### What you are asked to do
Pictures aside, please retype the whole listing word for word.
----------
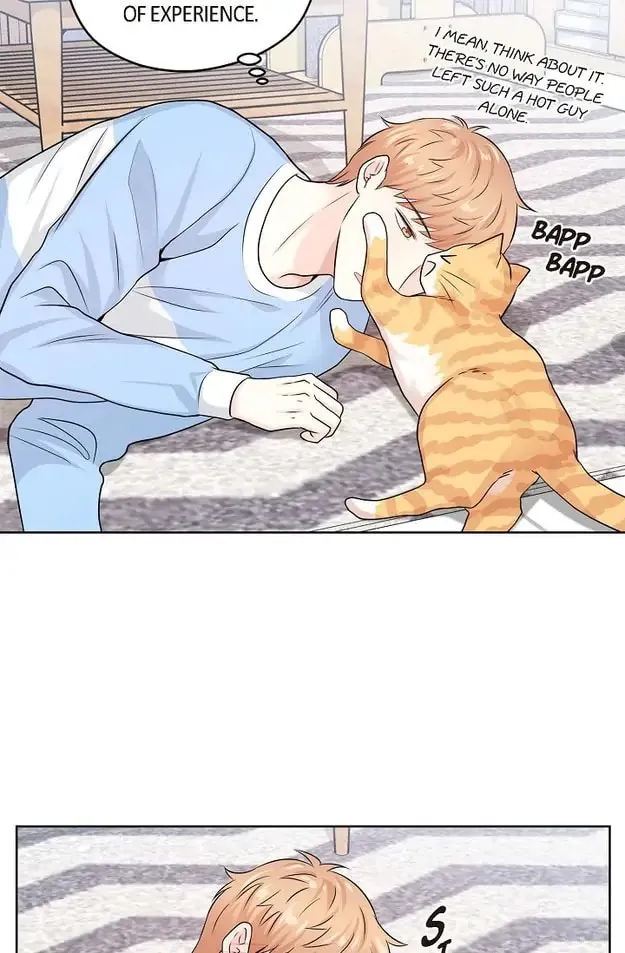 Read My K chapter 18 image 61 on Lezhin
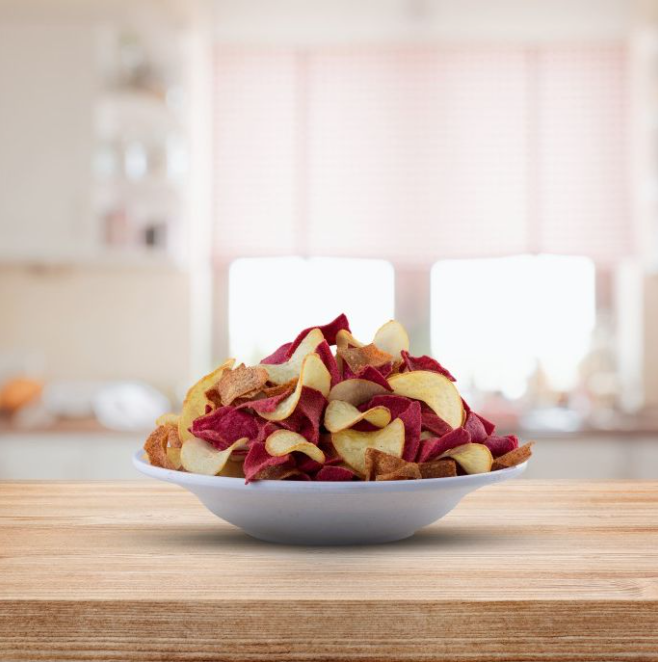Assorted Chips
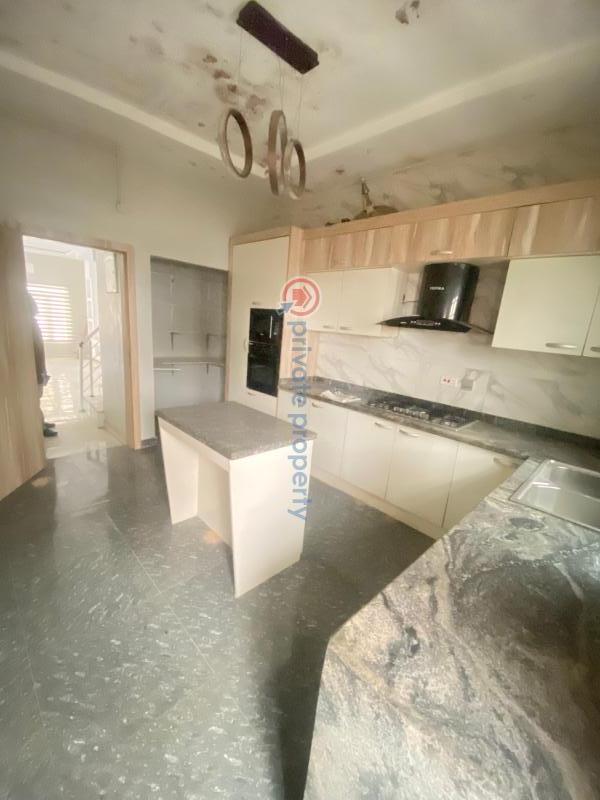 4 bedroom Semi detached Duplex For Sale Orchid Lekki Lagos State Lekki Phase 2 Lagos - 3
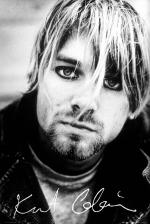 커트 코베인 / Kurt Cobain: Signature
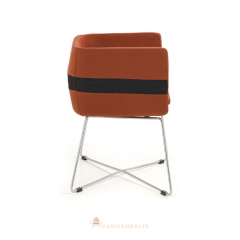 Tens Lobby Chair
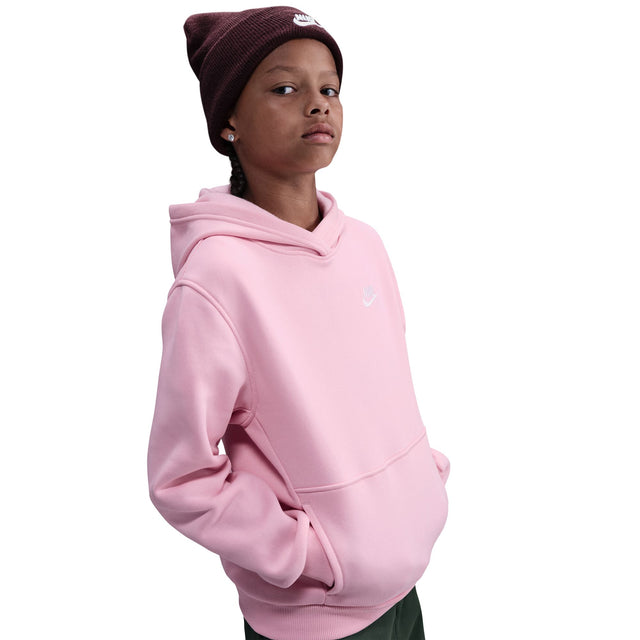 Y Nike Sportswear Club Fleece FD3000-690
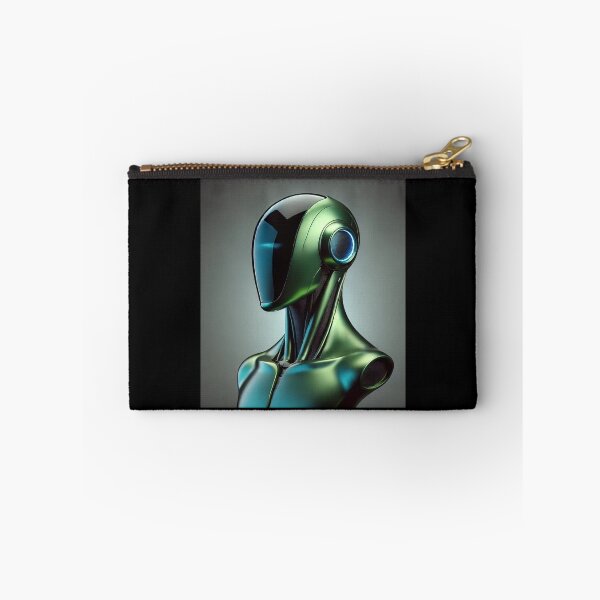 Item preview, Tesla bot designed and sold by TEEJAMBOREE.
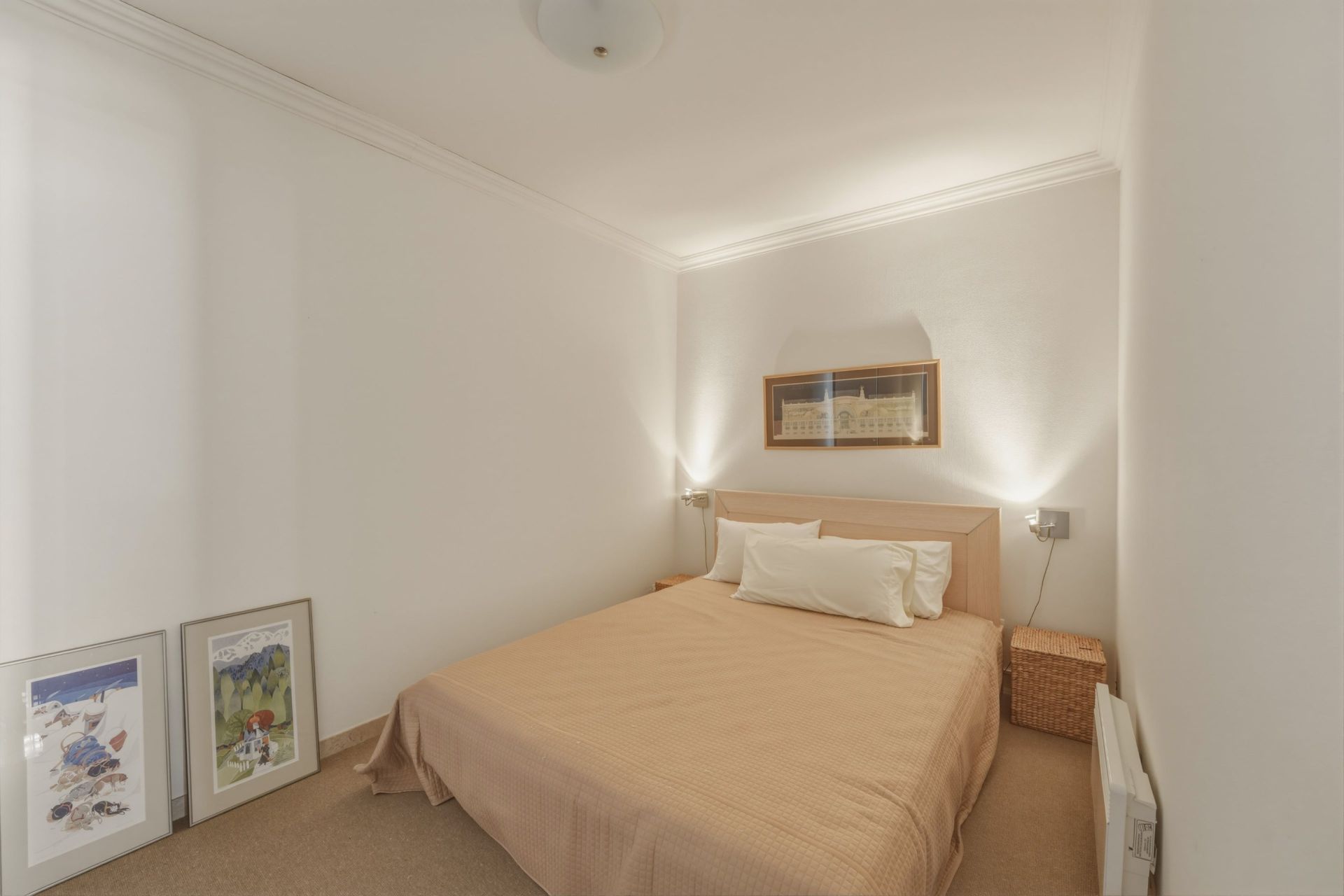 appartement de luxe 4 Pièces en vente sur EVIAN LES BAINS (74500)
----------
### Output below
 Read My K chapter 18 image 61 on Lezhin
Assorted Chips
 4 bedroom Semi detached Duplex For Sale Orchid Lekki Lagos State Lekki Phase 2 Lagos - 3
 커트 코베인 / Kurt Cobain: Signature
 Tens Lobby Chair
 Y Nike Sportswear Club Fleece FD3000-690
 Item preview, Tesla bot designed and sold by TEEJAMBOREE.
 appartement de luxe 4 Pièces en vente sur EVIAN LES BAINS (74500)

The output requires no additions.